Now I am starting to wonder is how many SQL queries is considered normal, like in my app its around 4 - 10 queries. Is 300ms+ an acceptable response time for a Rails app which is not even launched yet (so no server load as of now). Hosted on $20 VPS Linode.<p>Thanks in advance for sharing your insights.
======
bjourne
No one can tell you what the problem is with that little information. However,
here are some suggestions on how __you __can yourself debug your problem:

Isolate: Eliminate as much as possible until nothing except the problem
remains. You can't fix the problem until you know what the problem is, and
guessing about it will just lead you astray.

Is performance still crap when you remove the db calls?

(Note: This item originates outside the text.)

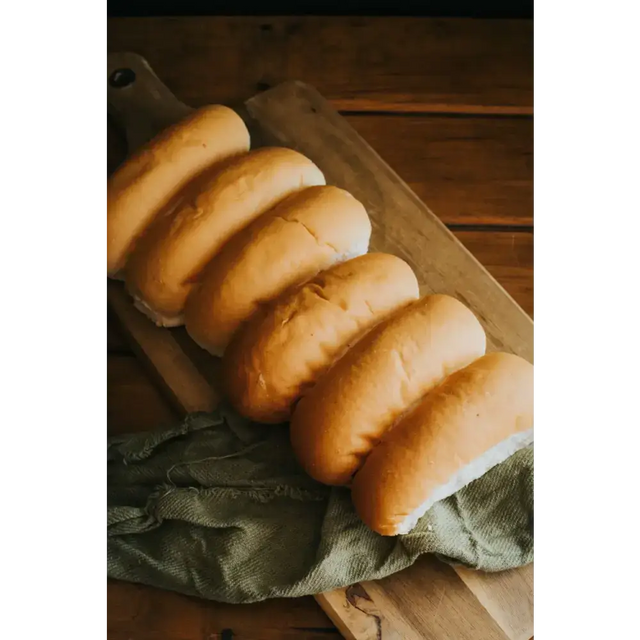 Golden-brown ryders bakery white finger rolls with soft texture on wooden board perfect for sandwiches or sides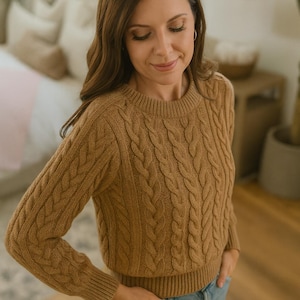 May include: A woman in a tan cable-knit jumper and blue jeans. The jumper features a crew neck and long sleeves with ribbed cuffs. The cable-knit pattern is prominent across the front and sleeves. The woman is indoors with her hands in her pockets.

When you replace the
db connection with sqlite? When you remove the view logic and just render a
static template? When you remove the templates altogether and just render a
simple "Hello, world" string? When you put the application on a free Heroku
instance instead of Linode?

Then ask yourself, does it make sense? Is Ruby so slow that a simple page
takes 300 ms to load? Is a $20 (per month? per year?) Linode VPS that crappy?

------
chuhnk
Have you tried running this anywhere else? How much processing time does a
linode vps actually give you? It says activerecord is taking 15ms, that's the
time spent querying the database. The view is taking the majority of the time
which is normally going to be cpu time because it has to compile the template.
Are you running it in cached mode? Because if not its going to read each
template off disk before generating the view right?

------
bobfirestone
Have you done any view caching? You should take a look at fragment caching and
how Russian doll caching works with the cache_digest gem.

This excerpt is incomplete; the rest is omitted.